DNA tests show sailor to nearby family he never knew he had


They lived less than an hour apart for decades, never knowing the other existed. A recent DNA test revealed they were half brothers.

Now Brian Wolstenholme is making up for nearly 70 years of family history, memories and laughter through virtual tours and in person with his brother, Roy Ellis, 92.

“The most important thing is getting to know everyone, knowing that I have a family,” said Wolstenholme, captain of Canada Steamship Lines (CSL) on the Great Lakes. “Even though I was adopted… I still wandered everywhere from New Brunswick to Ontario without any roots.

“Now I have a place where I know I fit in.”

Adopted as a baby, Wolstenholme never knew his parents or had siblings. After battling heart disease, the 70-year-old underwent a DNA test his wife bought him two years ago, via 23andMe. He had hoped to find answers to a long list of unanswered questions, especially about his health.

“I did the test, then I sent it in and we sat down and waited,” he said. “The tests are coming back (in February) and the first person to contact me was a lady from Kingston who said she was my cousin.”

What started as a first online conversation between the two led to more contacts, including Ellis’ daughter, who lived within 40 minutes. Joined by one of Ellis’ other children, Linda Miller, the three met at a local cafe in Thamesford.

“As soon as we saw him, we said, ‘We don’t know how he’s related, but he’s the image of the Ellis family,” ”Miller said. “I don’t know where he belonged, but we knew he belonged somewhere.”

Soon after, Ellis also underwent a DNA test. The results would confirm that the men were half-brothers, sharing the same father. In the summer of 2020, the siblings finally met.
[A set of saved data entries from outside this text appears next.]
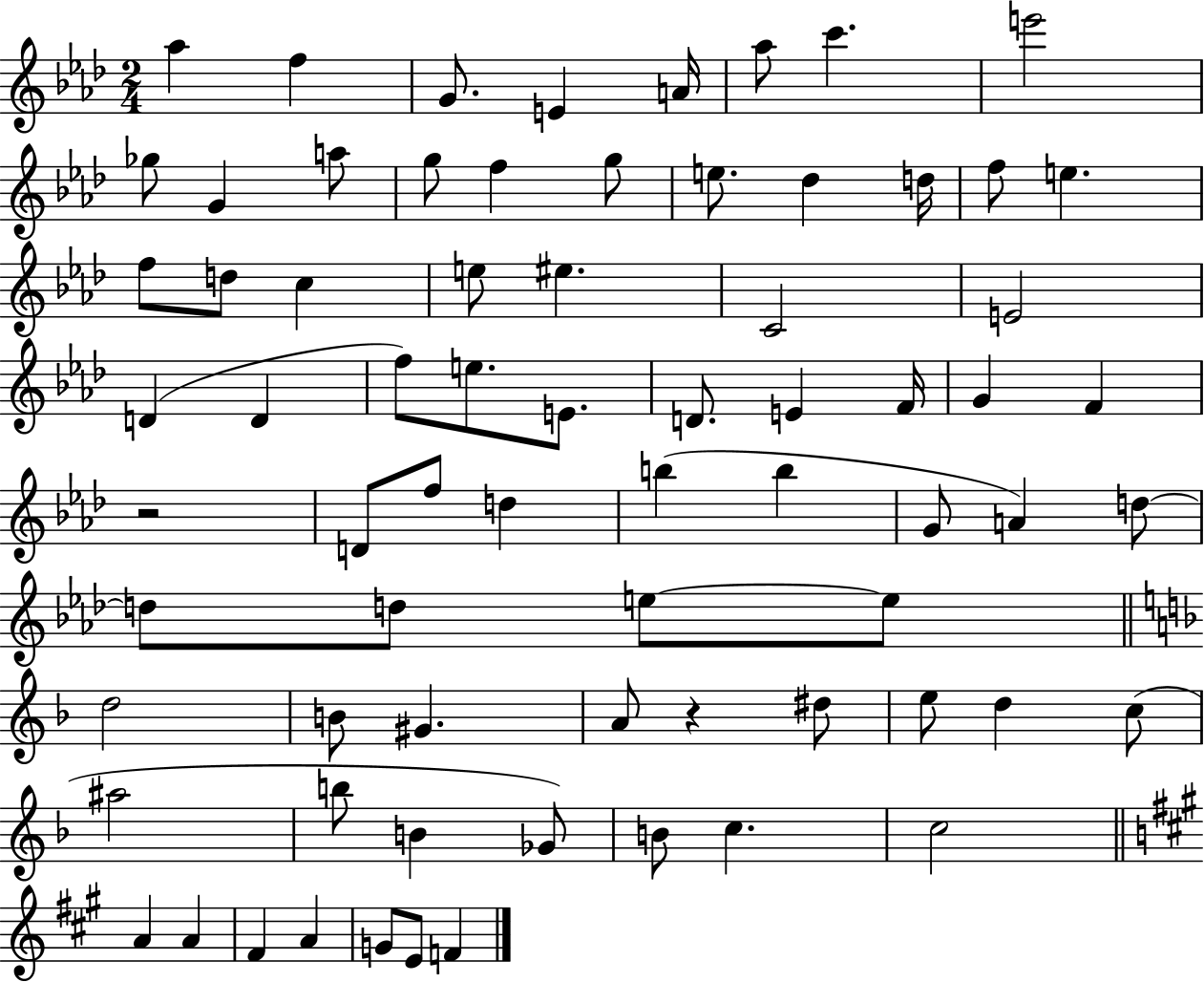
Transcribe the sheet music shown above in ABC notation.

X:1
T:Untitled
M:2/4
L:1/4
K:Ab
_a f G/2 E A/4 _a/2 c' e'2 _g/2 G a/2 g/2 f g/2 e/2 _d d/4 f/2 e f/2 d/2 c e/2 ^e C2 E2 D D f/2 e/2 E/2 D/2 E F/4 G F z2 D/2 f/2 d b b G/2 A d/2 d/2 d/2 e/2 e/2 d2 B/2 ^G A/2 z ^d/2 e/2 d c/2 ^a2 b/2 B _G/2 B/2 c c2 A A ^F A G/2 E/2 F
“The first time I saw him there were little things that indicated he was an Ellis,” Ellis said. “There are certain marks that have just indicated to me that there is no doubt about this guy, he is my brother.”

The couple have met a few times since then, including last August for the 38th Annual Ronald McDonald Houses of Southwestern Ontario Golf Tournament, an event Ellis holds dear, having attended every year. since its inception, he said.
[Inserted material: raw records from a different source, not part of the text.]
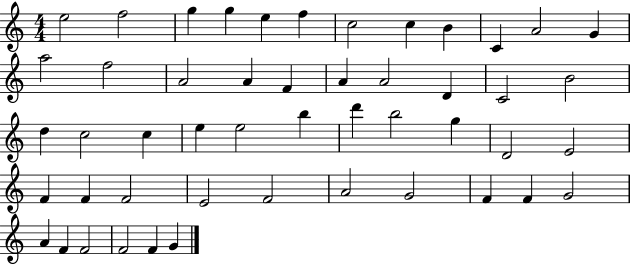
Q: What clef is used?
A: treble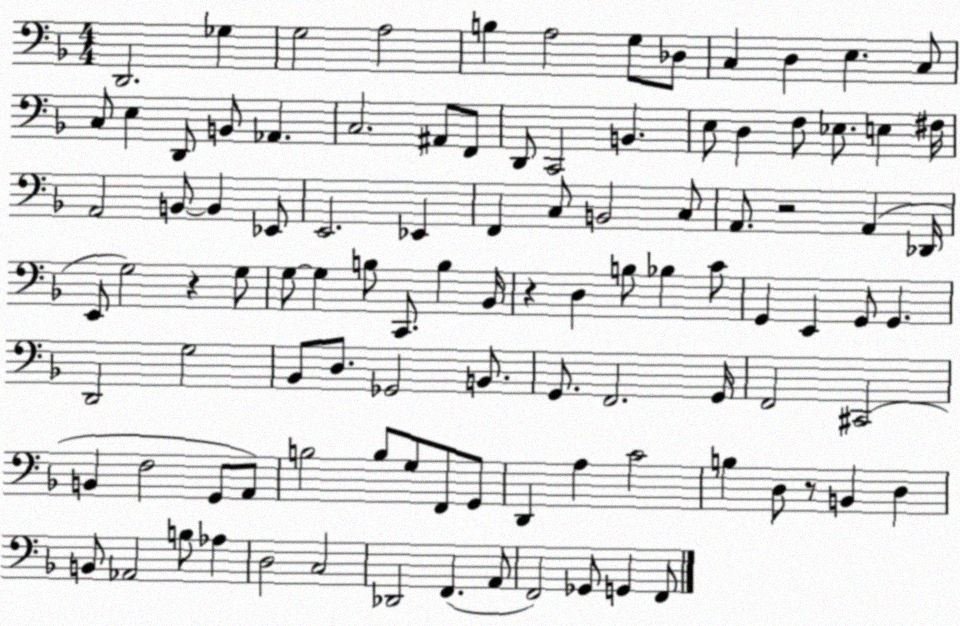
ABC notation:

X:1
T:Untitled
M:4/4
L:1/4
K:F
D,,2 _G, G,2 A,2 B, A,2 G,/2 _D,/2 C, D, E, C,/2 C,/2 E, D,,/2 B,,/2 _A,, C,2 ^A,,/2 F,,/2 D,,/2 C,,2 B,, E,/2 D, F,/2 _E,/2 E, ^F,/4 A,,2 B,,/2 B,, _E,,/2 E,,2 _E,, F,, C,/2 B,,2 C,/2 A,,/2 z2 A,, _D,,/4 E,,/2 G,2 z G,/2 G,/2 G, B,/2 C,,/2 B, _B,,/4 z D, B,/2 _B, C/2 G,, E,, G,,/2 G,, D,,2 G,2 _B,,/2 D,/2 _G,,2 B,,/2 G,,/2 F,,2 G,,/4 F,,2 ^C,,2 B,, F,2 G,,/2 A,,/2 B,2 B,/2 G,/2 F,,/2 G,,/2 D,, A, C2 B, D,/2 z/2 B,, D, B,,/2 _A,,2 B,/2 _A, D,2 C,2 _D,,2 F,, A,,/2 F,,2 _G,,/2 G,, F,,/2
“I never missed a year… This year one of our attendees couldn’t come, so right away I grabbed Brian and said, ‘You come with us’.
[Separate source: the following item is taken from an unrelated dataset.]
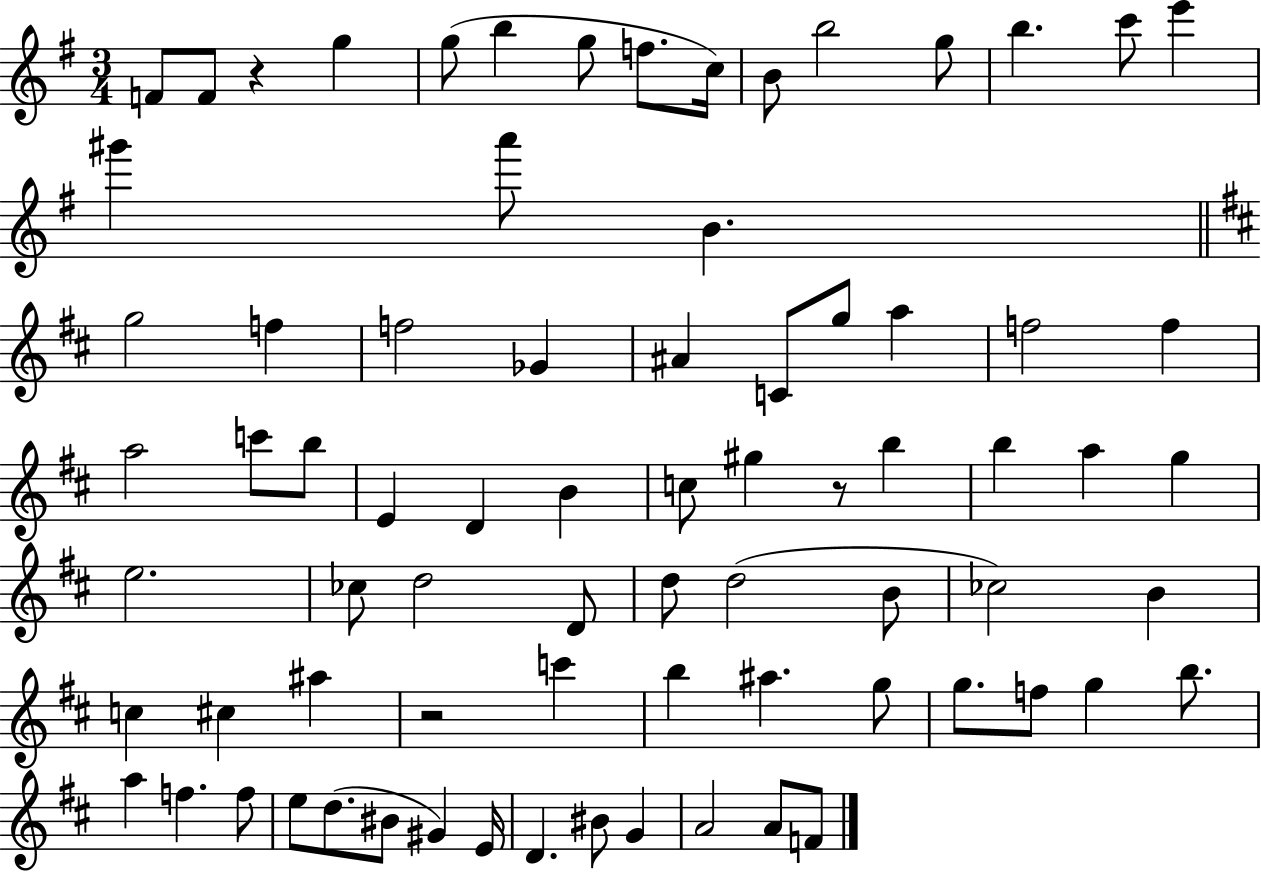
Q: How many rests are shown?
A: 3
Meeting up again for another reunion, albeit virtually – as Ellis couldn’t attend in person – the couple exchanged laughs as they reflected on the day. When asked who a better golfer is, the two paused and smiled.

“You’re a much better putter than I am, for sure,” Wolstenholme said, looking at Ellis.

“I wouldn’t say that,” Ellis replied.

The most shocking part of getting to know each other, the two brothers agree, is how well they have lived almost a quarter of their lives.

“What’s worrying about all of this is that I’ve lived in Kitchener, Waterloo, Tavistock and Putnam for 23 years now,” Wolstenholme said. “Here are family members who lived 20 minutes away that I didn’t know I had.

“Once I started meeting everyone, I (knew) that I had been accepted with open arms. Everyone has been just fantastic.

For most of his life, Wolstenholme said he believed he was of French descent – having been adopted into a French family when he was a baby – and that he was born in Bathurst, New Brunswick. When he was three, he was put up for adoption and taken into care. by a family in Moncton, NB He served in the Navy for 18-20 years before moving to Ontario.

On his father’s side, he now knows that he and Ellis share Welsh roots.

“There are questions I may never get answers to. But damn it, a lot of questions I’ve had my whole life, I’ve gotten answers for now. In the future, Wolstenholme hopes to learn more about the mothering side of his family.

“This is the next stop on this journey, discovering my mother’s side,” he said. “But like Roy says… when you do these kinds of things, you have to be a little concerned with bringing things out in the open that some people might not want to see or hear.

“And that’s what’s amazing about this story, is that this family accepted me with open arms,” ​​he added.